Wenn bei einem Einsatz ein Messer vermutet wird, setzen Polizeibeamte oft Schusswaffen ein - zum Teil tödlich, wie zuletzt in Oldenburg. Es sollten auch andere Einsatzszenarien trainiert werden, sagt Polizeiwissenschaflter Rafael Behr.
tagesschau24: Was ist aus Ihrer Sicht ungewöhnlich an dem Vorfall in Oldenburg?
Rafael Behr: Ungewöhnlich ist zunächst einmal die wenig präzise Beschreibung des Tathergangs im Moment der Schussabgabe. Alles andere wird relativ detailliert beschrieben. Aber wie es dann tatsächlich zu der Begegnung kam zwischen dem Opfer und dem Polizeibeamten und warum diese drei Schüsse von hinten gesetzt wurden, das bleibt abzuwarten.
Ich hoffe sehr, dass es hier noch objektive Beweismittel gibt, Kameras, Handy- und Smartphone-Bilder, um das aufzuklären.

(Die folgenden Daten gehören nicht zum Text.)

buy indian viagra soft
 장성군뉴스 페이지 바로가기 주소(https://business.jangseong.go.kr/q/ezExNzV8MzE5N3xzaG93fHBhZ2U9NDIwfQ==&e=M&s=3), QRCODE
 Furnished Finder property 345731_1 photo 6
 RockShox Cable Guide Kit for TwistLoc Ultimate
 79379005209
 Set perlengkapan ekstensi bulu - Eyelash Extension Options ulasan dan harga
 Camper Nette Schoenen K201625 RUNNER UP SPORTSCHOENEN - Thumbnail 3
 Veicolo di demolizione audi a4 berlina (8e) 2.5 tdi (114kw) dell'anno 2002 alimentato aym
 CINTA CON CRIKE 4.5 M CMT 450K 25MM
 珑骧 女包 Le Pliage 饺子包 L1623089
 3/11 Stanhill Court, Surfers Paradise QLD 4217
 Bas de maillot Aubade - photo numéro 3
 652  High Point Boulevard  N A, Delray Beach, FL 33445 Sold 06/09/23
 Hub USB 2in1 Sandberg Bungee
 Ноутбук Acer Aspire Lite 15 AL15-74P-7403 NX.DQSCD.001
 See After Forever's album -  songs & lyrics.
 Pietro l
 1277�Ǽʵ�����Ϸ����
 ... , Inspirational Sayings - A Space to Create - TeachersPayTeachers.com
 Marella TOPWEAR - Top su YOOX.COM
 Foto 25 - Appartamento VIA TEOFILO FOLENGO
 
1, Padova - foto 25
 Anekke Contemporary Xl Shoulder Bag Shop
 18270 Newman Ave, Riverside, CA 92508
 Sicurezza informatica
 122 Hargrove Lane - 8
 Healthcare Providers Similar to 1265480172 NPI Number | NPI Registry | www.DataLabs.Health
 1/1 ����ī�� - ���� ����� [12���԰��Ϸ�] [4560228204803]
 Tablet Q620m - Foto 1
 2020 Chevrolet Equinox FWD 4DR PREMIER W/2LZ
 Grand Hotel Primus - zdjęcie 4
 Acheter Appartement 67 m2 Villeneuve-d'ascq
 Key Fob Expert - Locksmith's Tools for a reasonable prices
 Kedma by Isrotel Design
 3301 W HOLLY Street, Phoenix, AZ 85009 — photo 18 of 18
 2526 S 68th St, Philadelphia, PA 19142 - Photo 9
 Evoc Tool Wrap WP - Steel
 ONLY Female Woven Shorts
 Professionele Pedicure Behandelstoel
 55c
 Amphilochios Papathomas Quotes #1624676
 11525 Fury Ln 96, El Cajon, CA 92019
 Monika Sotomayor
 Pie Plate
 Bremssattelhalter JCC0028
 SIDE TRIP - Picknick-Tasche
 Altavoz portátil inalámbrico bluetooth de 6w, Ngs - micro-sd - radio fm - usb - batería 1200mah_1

"Viele andere Szenarien sind denkbar"
tagesschau24: Es stellt sich generell die Frage: Wie werden Polizeianwärterinnen und -anwärter in ihrer Ausbildung auf den Umgang mit eskalierenden Situationen wie in Oldenburg vorbereitet? Insbesondere mit Blick auf Deeskalation und den Einsatz von Schusswaffen, wie läuft das ab?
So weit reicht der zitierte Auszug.